* The task *
Could you please write out the data shown below, exactly and in full?

***

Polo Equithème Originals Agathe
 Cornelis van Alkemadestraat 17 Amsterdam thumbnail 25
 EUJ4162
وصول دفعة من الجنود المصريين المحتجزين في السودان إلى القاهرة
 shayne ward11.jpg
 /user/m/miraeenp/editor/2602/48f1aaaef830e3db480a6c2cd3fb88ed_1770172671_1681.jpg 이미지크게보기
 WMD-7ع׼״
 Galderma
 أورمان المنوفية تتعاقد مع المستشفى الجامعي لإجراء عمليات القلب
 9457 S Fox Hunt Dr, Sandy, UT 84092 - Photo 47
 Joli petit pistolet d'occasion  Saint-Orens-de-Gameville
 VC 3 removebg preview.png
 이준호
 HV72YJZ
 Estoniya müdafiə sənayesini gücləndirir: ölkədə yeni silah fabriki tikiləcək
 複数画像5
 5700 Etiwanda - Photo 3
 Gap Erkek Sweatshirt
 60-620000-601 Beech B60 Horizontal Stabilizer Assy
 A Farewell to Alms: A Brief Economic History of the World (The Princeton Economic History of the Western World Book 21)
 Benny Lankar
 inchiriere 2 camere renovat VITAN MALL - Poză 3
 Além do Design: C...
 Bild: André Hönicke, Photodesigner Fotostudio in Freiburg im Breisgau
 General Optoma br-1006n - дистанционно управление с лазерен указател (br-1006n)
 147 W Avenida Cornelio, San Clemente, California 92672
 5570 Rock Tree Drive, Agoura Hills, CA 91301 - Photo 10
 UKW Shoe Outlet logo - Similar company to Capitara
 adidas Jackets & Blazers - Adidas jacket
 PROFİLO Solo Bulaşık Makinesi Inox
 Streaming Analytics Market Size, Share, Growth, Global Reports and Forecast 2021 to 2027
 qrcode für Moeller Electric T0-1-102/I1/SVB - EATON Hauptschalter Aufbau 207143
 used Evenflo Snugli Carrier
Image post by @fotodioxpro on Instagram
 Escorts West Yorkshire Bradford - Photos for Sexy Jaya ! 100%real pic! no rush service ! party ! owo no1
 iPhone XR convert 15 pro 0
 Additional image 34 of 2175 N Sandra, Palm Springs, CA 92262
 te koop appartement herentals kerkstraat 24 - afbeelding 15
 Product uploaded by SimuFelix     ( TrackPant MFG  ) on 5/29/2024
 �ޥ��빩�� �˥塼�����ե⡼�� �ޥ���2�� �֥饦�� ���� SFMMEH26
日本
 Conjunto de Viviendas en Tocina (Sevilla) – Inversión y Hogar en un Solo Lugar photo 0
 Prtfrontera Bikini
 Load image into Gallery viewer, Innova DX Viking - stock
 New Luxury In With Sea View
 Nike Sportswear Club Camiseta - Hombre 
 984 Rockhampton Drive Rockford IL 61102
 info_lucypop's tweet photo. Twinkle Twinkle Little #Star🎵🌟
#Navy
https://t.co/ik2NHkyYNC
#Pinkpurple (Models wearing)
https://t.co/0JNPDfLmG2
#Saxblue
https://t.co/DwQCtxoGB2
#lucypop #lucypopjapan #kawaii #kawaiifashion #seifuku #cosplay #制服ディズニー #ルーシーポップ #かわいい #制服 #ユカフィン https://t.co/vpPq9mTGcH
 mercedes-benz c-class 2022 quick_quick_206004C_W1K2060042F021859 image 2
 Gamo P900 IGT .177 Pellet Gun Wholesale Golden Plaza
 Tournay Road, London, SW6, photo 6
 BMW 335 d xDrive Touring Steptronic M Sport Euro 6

***

* Task output *
Polo Equithème Originals Agathe
 Cornelis van Alkemadestraat 17 Amsterdam thumbnail 25
 EUJ4162
وصول دفعة من الجنود المصريين المحتجزين في السودان إلى القاهرة
 shayne ward11.jpg
 /user/m/miraeenp/editor/2602/48f1aaaef830e3db480a6c2cd3fb88ed_1770172671_1681.jpg 이미지크게보기
 WMD-7ع׼״
 Galderma
 أورمان المنوفية تتعاقد مع المستشفى الجامعي لإجراء عمليات القلب
 9457 S Fox Hunt Dr, Sandy, UT 84092 - Photo 47
 Joli petit pistolet d'occasion  Saint-Orens-de-Gameville
 VC 3 removebg preview.png
 이준호
 HV72YJZ
 Estoniya müdafiə sənayesini gücləndirir: ölkədə yeni silah fabriki tikiləcək
 複数画像5
 5700 Etiwanda - Photo 3
 Gap Erkek Sweatshirt
 60-620000-601 Beech B60 Horizontal Stabilizer Assy
 A Farewell to Alms: A Brief Economic History of the World (The Princeton Economic History of the Western World Book 21)
 Benny Lankar
 inchiriere 2 camere renovat VITAN MALL - Poză 3
 Além do Design: C...
 Bild: André Hönicke, Photodesigner Fotostudio in Freiburg im Breisgau
 General Optoma br-1006n - дистанционно управление с лазерен указател (br-1006n)
 147 W Avenida Cornelio, San Clemente, California 92672
 5570 Rock Tree Drive, Agoura Hills, CA 91301 - Photo 10
 UKW Shoe Outlet logo - Similar company to Capitara
 adidas Jackets & Blazers - Adidas jacket
 PROFİLO Solo Bulaşık Makinesi Inox
 Streaming Analytics Market Size, Share, Growth, Global Reports and Forecast 2021 to 2027
 qrcode für Moeller Electric T0-1-102/I1/SVB - EATON Hauptschalter Aufbau 207143
 used Evenflo Snugli Carrier
Image post by @fotodioxpro on Instagram
 Escorts West Yorkshire Bradford - Photos for Sexy Jaya ! 100%real pic! no rush service ! party ! owo no1
 iPhone XR convert 15 pro 0
 Additional image 34 of 2175 N Sandra, Palm Springs, CA 92262
 te koop appartement herentals kerkstraat 24 - afbeelding 15
 Product uploaded by SimuFelix     ( TrackPant MFG  ) on 5/29/2024
 �ޥ��빩�� �˥塼�����ե⡼�� �ޥ���2�� �֥饦�� ���� SFMMEH26
日本
 Conjunto de Viviendas en Tocina (Sevilla) – Inversión y Hogar en un Solo Lugar photo 0
 Prtfrontera Bikini
 Load image into Gallery viewer, Innova DX Viking - stock
 New Luxury In With Sea View
 Nike Sportswear Club Camiseta - Hombre 
 984 Rockhampton Drive Rockford IL 61102
 info_lucypop's tweet photo. Twinkle Twinkle Little #Star🎵🌟
#Navy
https://t.co/ik2NHkyYNC
#Pinkpurple (Models wearing)
https://t.co/0JNPDfLmG2
#Saxblue
https://t.co/DwQCtxoGB2
#lucypop #lucypopjapan #kawaii #kawaiifashion #seifuku #cosplay #制服ディズニー #ルーシーポップ #かわいい #制服 #ユカフィン https://t.co/vpPq9mTGcH
 mercedes-benz c-class 2022 quick_quick_206004C_W1K2060042F021859 image 2
 Gamo P900 IGT .177 Pellet Gun Wholesale Golden Plaza
 Tournay Road, London, SW6, photo 6
 BMW 335 d xDrive Touring Steptronic M Sport Euro 6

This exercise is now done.